The kings of diesel are the Germans and they also launched proposals at the time. We remember the engines Mercedes BlueTec Hybrid. In the C, E and S Class, they combined four-cylinder diesel blocks with a 27 HP electric motor and were smooth and very comfortable, as we saw in the E 300 BlueTec test.

BMW did not launch any diesel hybrids on the market, but Audi came close to doing so. Logical, when seeing the Audi R18 e-tron Quattro. It had a 3.7 TDI engine and 510 HP, with a hybrid system and all-wheel drive. He won Le-Mans in 2012, 2013 and 2014 and that led him to present the RS5 TDI Concept at the end of 2014 with a 385 HP diesel V6 and a lithium-ion battery that allowed energy to be recovered.

What killed the possibility of the first diesel RS in history? Well, the Dieselgate scandal of 2015. From then on, diesel began to disappear from the market in leaps and bounds.

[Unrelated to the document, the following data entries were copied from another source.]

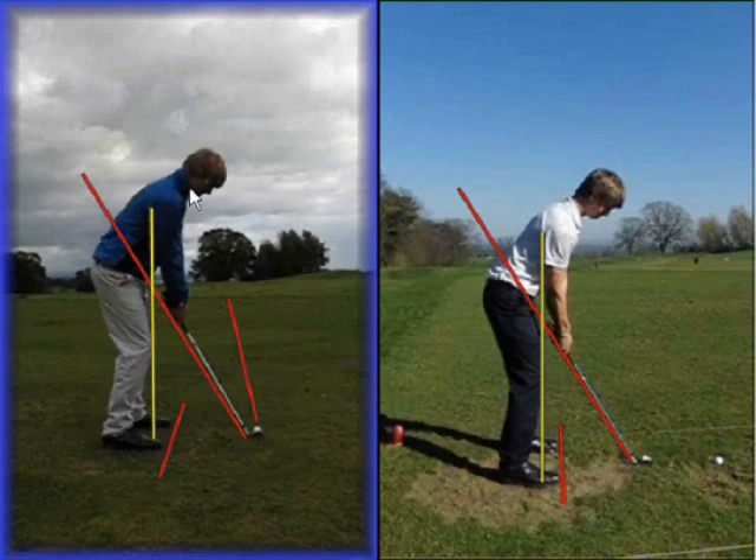Moving on to his posture, he'd tend to get a little bit rounded in his shoulders, as you can see there. The balance line drawn from the back of the tricep and through the knee would be much more towards the toes as opposed to the middle of his feet, so he's quite a high balancer at address.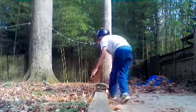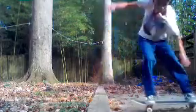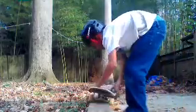Okay, so now I'm going to do a 50-50. I don't actually know how to do a 50-50, but I'm just going to do a 50-50 where you run and then jump on the ledge. Okay, here we go! So the thing is you have to lock your board in.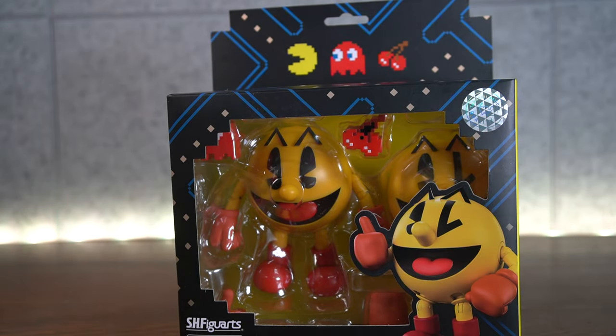Did you know that the original name for Pac-Man was Puck-Man? You'd think it was because he looks like a hockey puck, but it actually comes from the Japanese phrase Paku-Paku, which means to flap one's mouth open and closed. They changed it because they thought Puck-Man would be too easy to vandalize — people would just scratch off the P.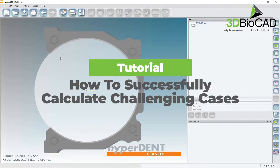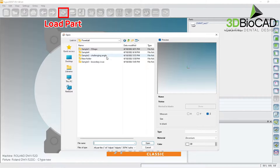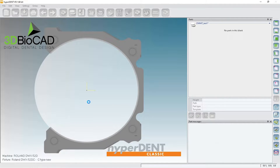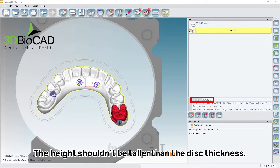Sometimes your arches may not be perfect as far as angle or the number of units, or the arch is very gigantic. Let me show you some of the cases. This is pretty crazy — make sure it's an Obama crown bridge. The height is 29 where we have a 25mm puck.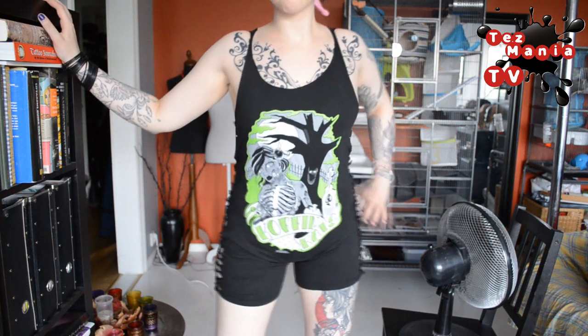Hey guys and welcome to Tasmania TV. Today's video is a semi-requested video. I got a request to show you guys how to make a romper, which is something I usually refer to as a play suit. Today I'm gonna do a play suit made from an old t-shirt — so again with the recycling! Here is the t-shirt before, and here it is after. If you're curious how to turn your t-shirt into a play suit or a romper, stay tuned for the tutorial.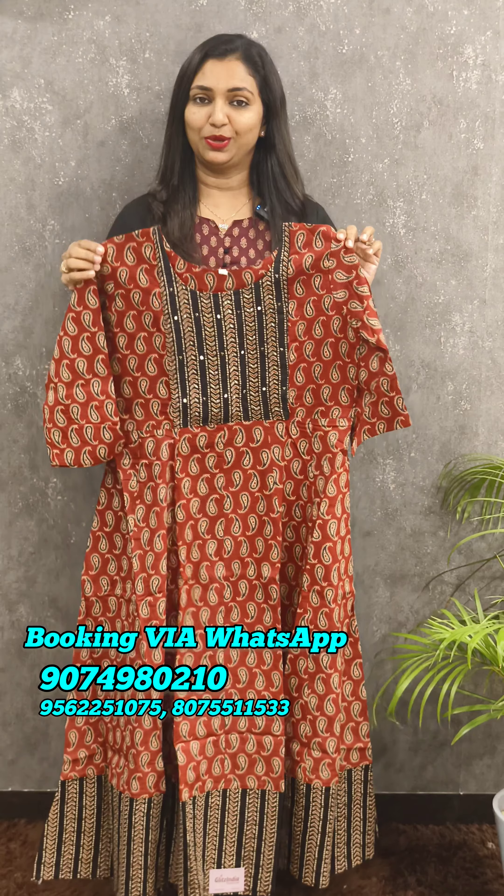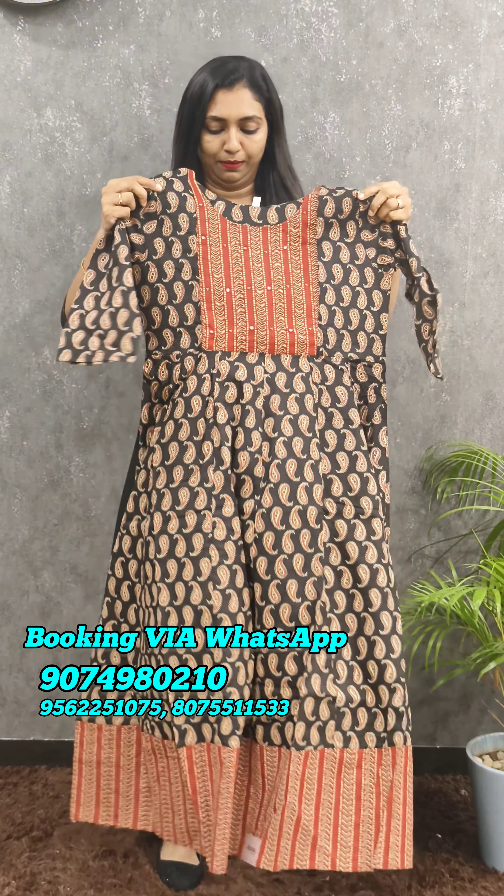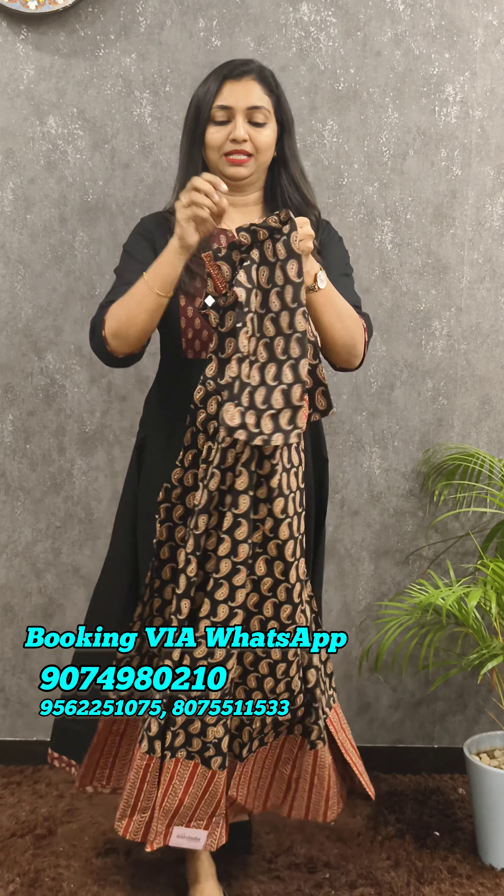I will show you the pattern of full panels. I will show you the screenshot and the first one. I will show you the back portion of the cut-beats. Next, I will show you the mirror work. I will show you the pattern of the cut-beats.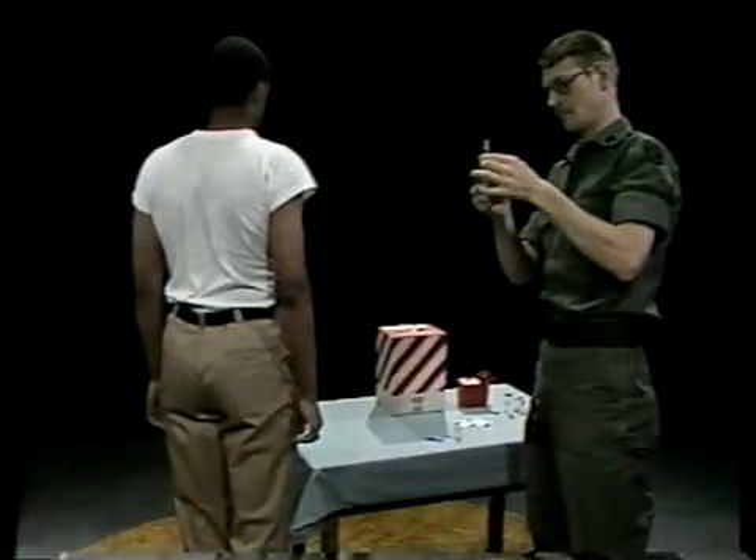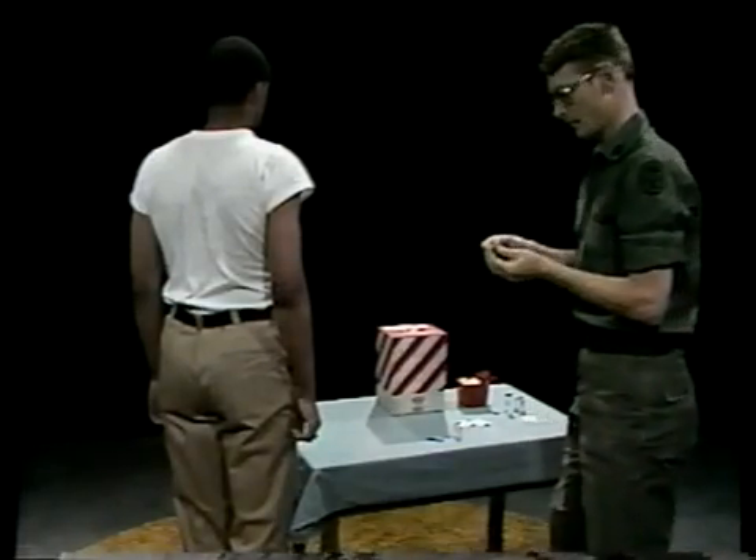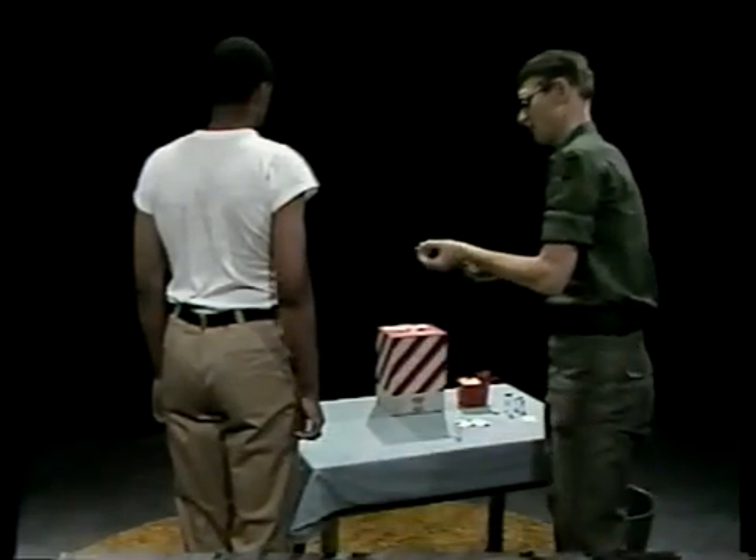After you've washed your hands, assembled, checked, and loaded your equipment, you begin by locating a suitable injection site.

Diesel plug-in hybrids. Label Zero

Only Mercedes. You can recognize them by the name (electric diesel). But before that there were some attempts. Coincidentally, they came from the Volkswagen Group. The first step was taken by Audi, which had to demonstrate that they were at the forefront of technology.

After two Audi Duo prototypes, based on the Audi 100 platform, the Audi Duo TDI appeared in 1997. It had on the one hand the well-known 90 HP 1.9 TDI and on the other a 29 HP electric motor. Based on the A4 platform, only 60 units were sold. Then came, in 2014, a diesel plug-in hybrid like no other, the Volkswagen XL1.

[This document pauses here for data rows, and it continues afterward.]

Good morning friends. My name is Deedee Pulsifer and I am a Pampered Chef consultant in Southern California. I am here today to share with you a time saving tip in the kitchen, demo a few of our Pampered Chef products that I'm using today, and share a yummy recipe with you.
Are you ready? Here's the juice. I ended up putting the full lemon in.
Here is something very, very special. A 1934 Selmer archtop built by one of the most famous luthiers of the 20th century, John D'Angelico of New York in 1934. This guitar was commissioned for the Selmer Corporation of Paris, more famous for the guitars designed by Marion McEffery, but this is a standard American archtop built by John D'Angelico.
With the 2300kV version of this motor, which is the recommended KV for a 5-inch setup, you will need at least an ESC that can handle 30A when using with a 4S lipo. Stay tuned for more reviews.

It was quite an engineering challenge proposed by Ferdinand Piech, to consume 1 l/100 km. They achieved this thanks to extraordinary aerodynamics and a weight of just 800 kg. Only 250 units were manufactured, which cost like a sports car, more than 100,000 euros… and Volkswagen lost money with each unit sold.

Audi returned to the fray with the Q7 e-tron…and Volvo also tried it with the V60 Plug-In Hybrid with an idea similar to that of PSA, but plug-in… but Dieselgate demonized diesel not only in the VW Group. Diesel's bad reputation spread throughout the passenger car world, and tightening emissions standards didn't help either.

And despite everything, Mercedes opted for this technology. There is a reason: they developed it before diesels fell out of favor and decided to go ahead to amortize the investment. In the variant 300 of: Combines the 2.0-liter four-cylinder diesel engine with 197 HP that you can find in the Mercedes GLC 220 d. On the other hand, an electric motor with 136 HP. In total, 333 HP of power and 750 Nm of torque. The best thing to know if you are interested is to read our in-depth test of the Mercedes GLC 300 Coupé.